Cela permet de débattre, d’être écouté et de s’orienter
Une première réunion s’est ensuivi, puis une autre, et encore une autre, avec pour principe d’accueillir aussi bien les syndiqués que les non-syndiqués. André par exemple, est architecte, salarié dans un cabinet parisien : un nombre de salariés réduit et pas d’histoire sociale propre à l’entreprise. Bref, Félicien est isolé et en recherche de collègues de lutte. Jean-Pierre, lui, est ingénieur dans une entreprise de l’automobile de l’Île-de-France.
La Cgt, il la connaît pour ses prises de position. Au travail, il l’apprécie également mais… pas au point de la rejoindre formellement. Pas suffisamment de jeunes, ni d’action. Finalement, il s’est mis en grève tout seul et est parti manifester. C’est là qu’il a rencontré… les jeunes du collectif. Pierre, c’est encore une autre histoire : syndiqué, il sort d’une élection professionnelle où la Cgt a recueilli 60 % des voix et témoigne d’une bonne dynamique de construction, avec une quinzaine de participants aux manifestations. Malgré tout cela, il ne « sent » pas la Cgt autour de lui, n’a pas encore de contacts avec l’union locale de son syndicat. Ici, il sent l’action à portée de main…
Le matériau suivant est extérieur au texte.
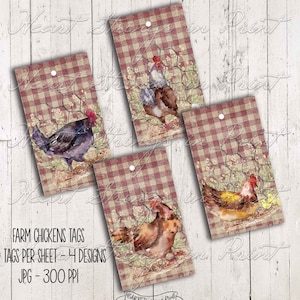 Farm Chickens Printable Tags, Prim, Farmhouse, Instant Download, Printable Hang Tags #1224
Après une brève présentation des décisions d’action de l’intersyndicale, la discussion s’engage et tout y passe, ou presque : les primes aux non-grévistes, le vote de la majorité sur le deuil d’un enfant, les jets symboliques de codes par les inspecteurs du travail, les discussions avec les collègues hostiles au projet gouvernemental, conscients de l’enjeu mais pas prêts à agir. Et que faire en cette veille de manifestation : les idées fusent, de l’usage des smartphones aux bons vieux collages d’affiches. Pour Agathe, « c’est une nouvelle porte sur la Cgt. Elle n’a pas vocation à remplacer les autres, mais elle permet de débattre, d’être écouté et de s’orienter. Surtout, elle permet d’être utile rapidement, d’élaborer des matériels destinés aux jeunes diplômés, à destination de toutes les organisations de la Cgt. »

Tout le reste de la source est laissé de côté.